In 1991, in an attempt to stop the flood of South American cocaine into the United States, the Andean Trade Preference Act was enacted.
The act eliminated tariffs on a number of imported goods coming from South America and sought to persuade the continent’s farmers to grow products other than coca, for example, flowers — which they did.
In 2018, the United States imported $1.5 billion worth of cut flowers, of which $1.24 billion had been imported from just two South American countries: Columbia and Ecuador. The wholesale value of domestically produced cut flowers in 2018 was $374 million.
“In 1971, the United States produced 1.2 billion blooms of the major flowers (roses, carnations and chrysanthemums) and imported only 100 million,” according to scientist and author Stephen Buchmann. “By 2003, the trade balance had reversed; the United States imported two billion major blooms and grew only 200 million.”
In one specific flower example, between 1991 and 2018, according to The Washington Post, the number of roses grown in the United States went from 545 million to less than 30 million, a decrease of 95 percent.
Today, imports account for about 64 percent of flowers sold in the United States, according to the Society of American Florists, the floral industry’s trade association. In 1991, American-grown flowers made up 64 percent of the nation’s flower sales.
“Slow Flowers is a response to the dramatic changes of the past 25 years,” writes Prinzing — and the numbers substantiate her claims.
In 1992, there were 6,065 farms in the United States associated with the cultivation of cut flowers.
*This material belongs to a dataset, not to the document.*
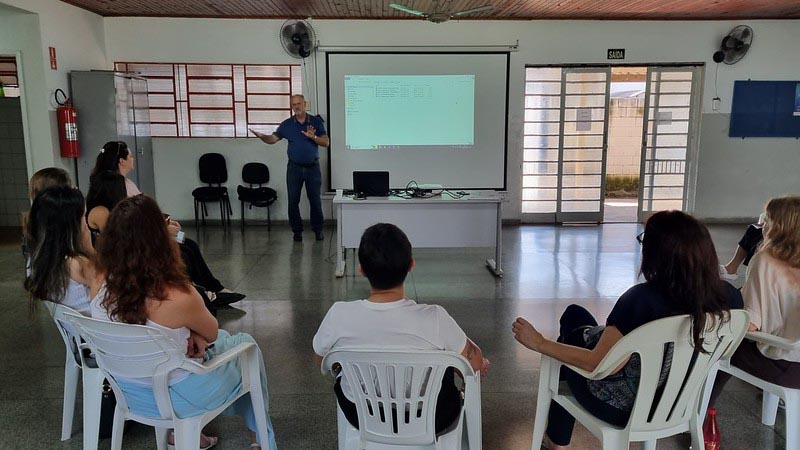 Educação apresenta questionários sobre primeira infância às escolas de Americana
By 2007, that number dropped to 5,056, a 17-percent decrease. But, by 2017, the number of U.S. farms involved with cut-flower cultivation increased by 25 percent from 2007, to 6,768 farms.
In New York State, between 2007 and 2017, the number of cut-flower farms nearly doubled, from 223 in 2007 to 405 in 2017.
Cut flowers are considered an ultra-niche crop, meaning they have an “exceptionally high-value,” and are able to provide a farmer with “a significant source of income” while using a minimal amount of land.
They are are considered “one of the most profitable products one can grow in a field,” according to Holly Scoggins, an associate professor of horticulture at Virginia Tech.
In the United States, current floriculture retail sales — which includes flowers, seeds, and potted plants — are valued at around $34.6 billion, according to the Bureau of Economic Analysis. And cut flowers, specifically, can make up anywhere between $6.2 billion and $8 billion of floriculture retail sales.
“Flower Confidential”
The written word is also considered a factor in the revival small-scale local flower farms.
Much like Upton Sinclair exposed the horrid working conditions of the Chicago meat-packing industry at the turn of the 20th Century in “The Jungle,” Amy Stewart’s “Flower Confidential” exposed the atrocious in which environment that South American laborers toiled.
However, whereas Sinclair’s “The Jungle” was a work of fiction, Stewart’s “Flower Confidential” was a work of investigative reporting, revealing that “the $40 billion floriculture industry looked a lot like factory farming,” according to The New York Times.
Ten Eyck said that flowers imported from South American are loosely regulated, grown with chemical fertilizers, and may contain toxic pesticides.
In addition, the “flowers grown in developing countries were often tended by women and sometimes children, who were low paid and suffered abuses,” The Times said in a separate article.